Pelo contrário, há que buscar a Verdade, o “sentido potencial “ e fazer a “autotranscendência”. A “noodinâmica” exige uma certa tensão e a sua superação, na construção do Sentido da Vida, para vidas com sentido. O sentido é interno mas projeta-se para uma realização, para um conteúdo vivido da existência. No fundo, a “vontade de sentido” que, na linguagem fenomenológica, - diria que é a consciência doadora de sentido. Construção e doação de sentido.
Tive conhecimento dos nomes de Viktor Frankal e Karl Jaspers nas aulas do Grande Professor Doutor Gustavo de Fraga, de Saudosa Memória. E é muito curioso o seguinte. Pela sua excecionalidade, como Médico e como Filósofo, Viktor Frankl foi convidado para encerrar o XIV Congresso Internacional de Filosofia, que ocorreu em Viena de Áustria em 1968. Soube ao ler a publicação “Depois do XIV Congresso Internacional de Filosofia”, uma compilação, então feita pelo Professor Gustavo de Fraga, tendo como base as suas Crónicas Radiofónicas na, então, Emissora Nacional. Viktor Frankl, já antes de ser forçado ao campo de concentração nazi, na II Guerra Mundial, já era um Médico Psiquiatra Famoso.

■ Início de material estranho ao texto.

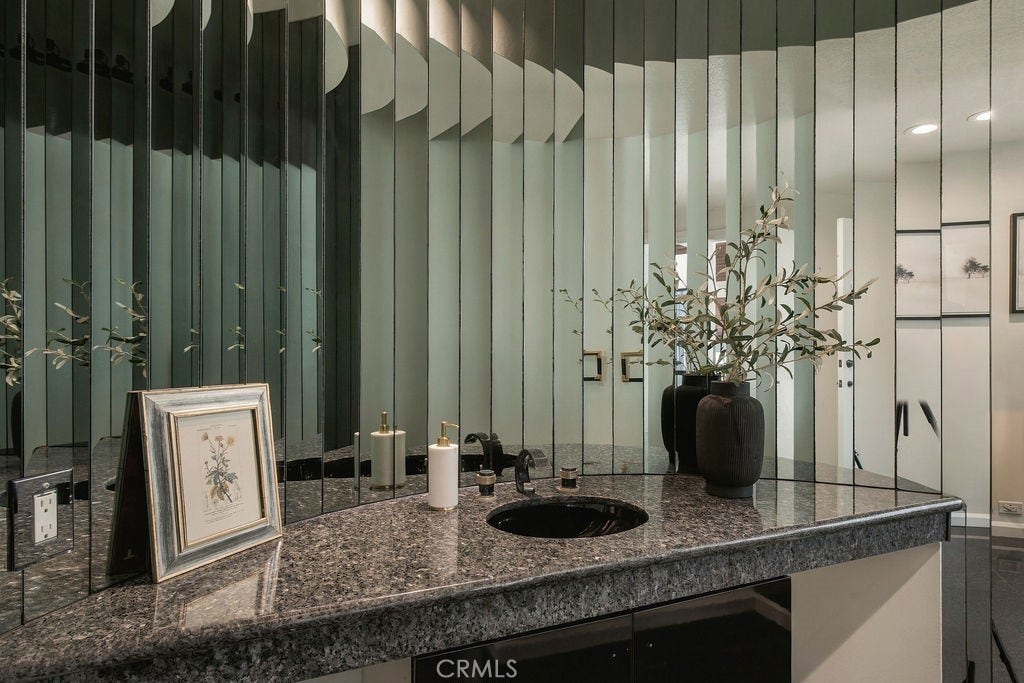1905 Via Coronel, Palos Verdes Estates, CA 90274 1905 Via Coronel, Palos Verdes Estates, CA 90274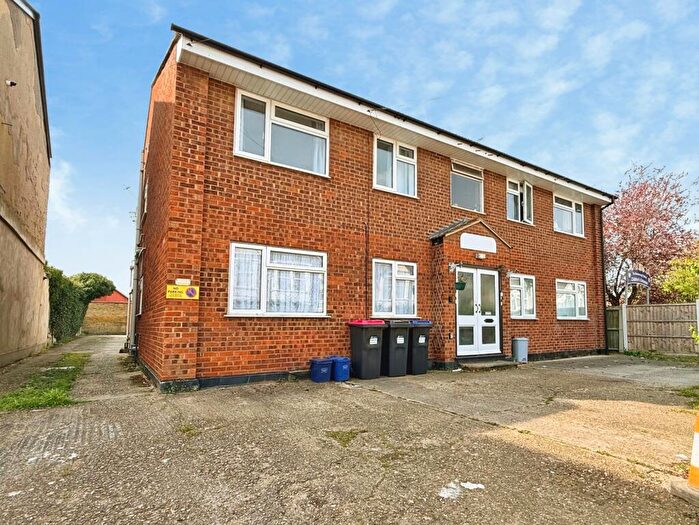 2 Bedroom Apartment For Sale In Gainsborough Drive, Westcliff-on-Sea, Essex, SS0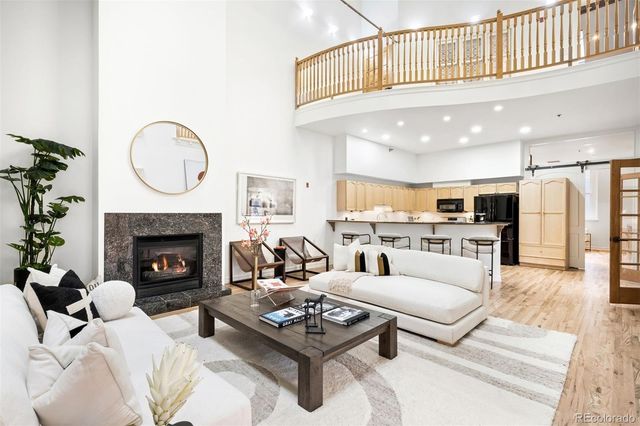 225 N Lincoln Street 8, Denver, CO 80203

Antes, durante e depois, teve uma ação notabilíssima e, depois de ter estado preso no campo de concentração atuou na sua área profissional mas recusou convites das mais famosas Universidades e escolheu ficar a Cuidar dos seus pais. Que Nobreza de Caráter. Sempre considerei que os familiares são os Verdadeiros Cuidadores, os “Cuidadores More”. Ora, é lindo ver um Intelectual desta envergadura escolher QUEM ESTÁ PRIMEIRO. É um assunto ao qual voltarei por tantas e profundas razões de vida.
Afirma o Professor Gustavo de Fraga: “É tempo, porém, de nos referirmos à notabilíssima conferência que, ainda em ligação com o Congresso, o Prof. Viktor Frankl proferiu no edifício da Universidade. Estava escrito que um psiquiatra eminente era a pessoas indicada para encerrar com chave de ouro o XIV Congresso Internacional de Filosofia. Frankl, de renome mundial, trabalha com frequência nos Estados Unidos e, em língua castelhana, há traduções de algumas das suas obras” (Gustavo de Fraga (1968), “Depois do XIV Congresso Internacional de Filosofia” (Coimbra, Livraria Almedina, p. 58).

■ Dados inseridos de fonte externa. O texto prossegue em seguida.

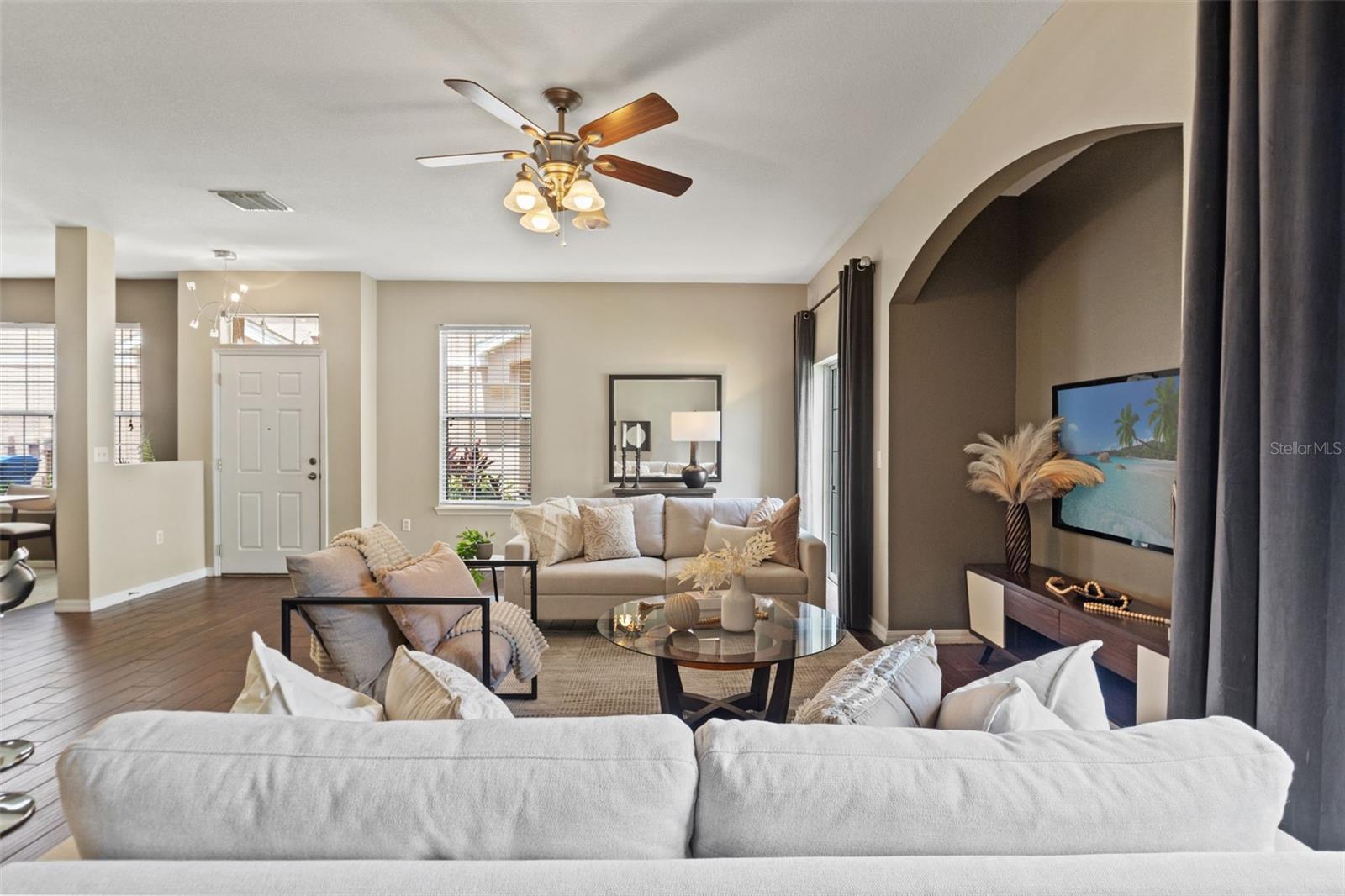 BAY BREEZE COVE - Residential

Não esqueçamos que Viktor Frankl teve uma passagem de dor profunda no campo de concentração de Auchwitz mas pôs – teve a força de pôr – a sua experiência e conhecimento humano e profissional ao serviço da saúde dos prisioneiros para lhe evitar o fim no choque letal do arame farpado.

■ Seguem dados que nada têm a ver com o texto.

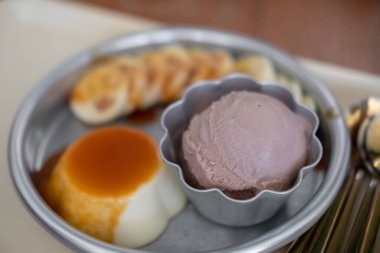 Puding ve dilimlenmiş muzlu çikolatalı dondurma.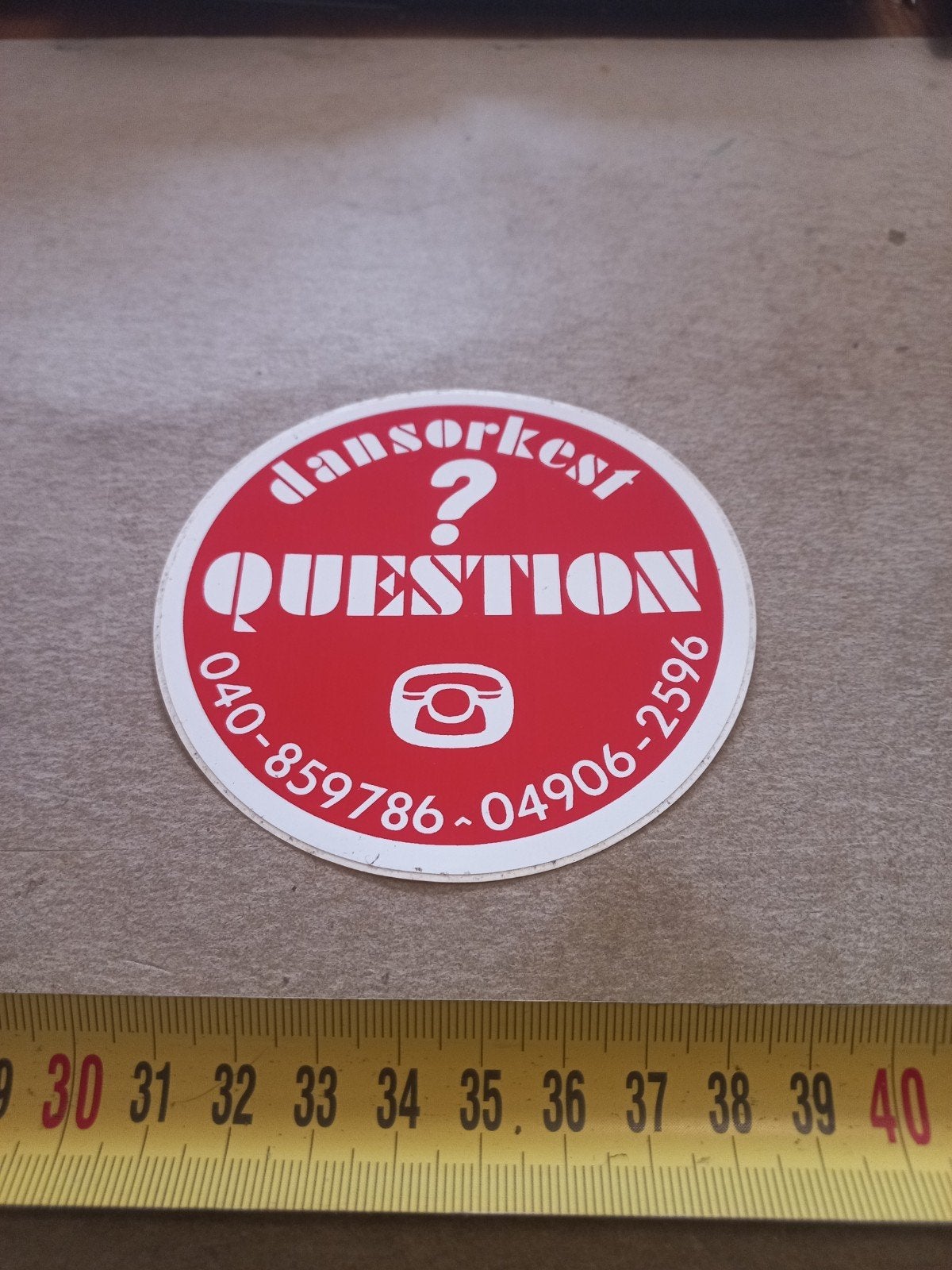 Vintage sticker Dansorkest Question met telefoonnummers, Ophalen of Verzenden, Gebruikt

Quanta beleza encontramos nestas palavras e atitude de Viktor Frankl:
“Um dia, pouco depois da libertação, caminhei muitos quilómetros pelos campos, ao longo de prados floridos, até à cidade mais próxima do campo de concentração. Cotovias levantavam voo em direção ao céu e eu ouvia o seu cantar alegre. Não se via ninguém nos quilómetros em redor; não havia nada senão a terra imensa, o céu, o júbilo das cotovias e a liberdade daquele espaço. Parei, olhei em volta e depois olhei para o céu – e então ajoelhei-me. Naquele momento sabia muito pouco sobre mim mesmo e sobre o mundo. Tinha somente uma frase na cabeça, sempre a mesma: “Chamei o Senhor do estreito espaço da minha cela e Ele respondeu-me na imensidão livre do espaço”. Por quanto tempo estive ajoelhado a repetir esta frase já não consigo lembrar-me. Mas sei que nesse dia, naquela hora, a minha nova vida começou. Progredi passo a passo, até me tornar um ser humano de novo.” (Viktor Frankl, (2012) Um Homem em Busca de um Sentido. Alfragide: lua de papel, p.97).
Que MARAVILHA. Depois de tanto sofrimento, de si e dos outros, um maravilhamento para se tornar “um ser humano de novo”.  
Depois da Dor, vem a Alegria e a Graça, para evocar palavras de luz em Leonardo Coimbra. Depois do Sofrimento, a Luz da Dureza e da Pureza. Um Hino nos partos difíceis da vida, entre Amor e Dor, na Luz da Fé e da Esperança.
Nascemos na Dignidade que nos habita, desde o seio materno.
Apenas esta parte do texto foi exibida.